New technology in schools promise students true 21st century education
Things are very different in today’s school system. Instead of going into a reading corner with their favorite Magic School Bus book, some students are being sent to the corner with their iPads. Everything is being “upgraded” as schools are making a leap from textbooks to electronic reading on iPads and other pieces of technology. With this change, people are starting to wonder if this technology that has many different capabilities is just being used for education.
A few weeks ago, at Theodore Roosevelt High School in Los Angeles, iPads were distributed to all students in the hope that students would be able to use it for homework, classwork and reading.

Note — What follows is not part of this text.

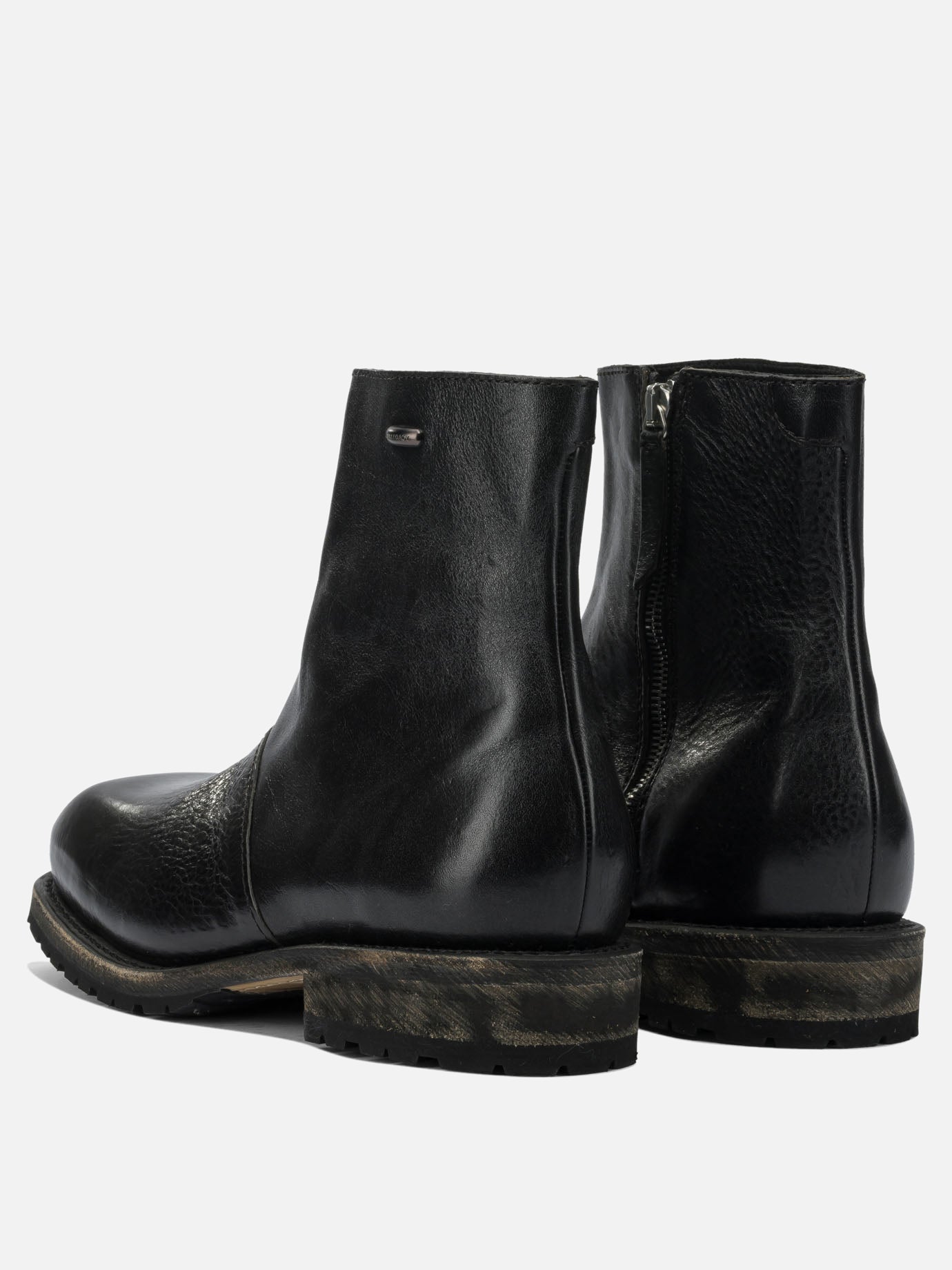 Zipped boots 100% calf leather - 100% rubber  Black - Our Legacy Men | PDP | VIETTI Online Store | Zoom-Modal_4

Within a week of this distribution, students had found a way to hack into the system and gain access to previously blocked apps such as Facebook, Twitter and Pandora.
Computer science junior Daniel Gonzalez feels the school should have taken greater initiative to keep this from happening.
“The purpose is to make education a lot easier, but they will take advantage of it and actually do other things besides schoolwork,” Gonzalez said. “(The iPads) should be controlled and monitored by only letting students use them inside the school premises and not letting the students take them home.”
Interestingly enough, that is exactly what the school had to do.
According to the Los Angeles Times, “following news that students at a Los Angeles high school had hacked district-issued iPads and were using them for personal use, district officials have halted home use of the Apple tablets until further notice.”
The controversy of this matter is one of priority and maturity. There is no set determinant of what age students would not try to access social media and games instead of schoolwork — students are seen on social media and other outlets even in college classrooms, after all.
“I don’t know if high school or middle school students are the best for technology, because they aren’t really mature to the point where they can just strictly do their work,” said biochemistry sophomore Monique Morris.
“I don’t think they’ll be able to just do (their work) without teacher supervision or having something on the technological device that makes it impossible for them to get on something that will distract them,” she said.
When people of our generation were children in school, we were assigned coloring projects, and before long, the side of our hand would be covered in splashes of multiple colors. These messes came from the fact that we did all our work by hand. We learned that if you pressed the crayon to the paper with force, the result would be a more solid, waxy color; we learned that if glue dried on your hand, you were able to peel it off like it was a second skin. These are things that kids in today’s school system are eventually not going get the chance to learn.
Everything is moving toward a technological future, but, personally, I’d like to remain in the past a little while longer.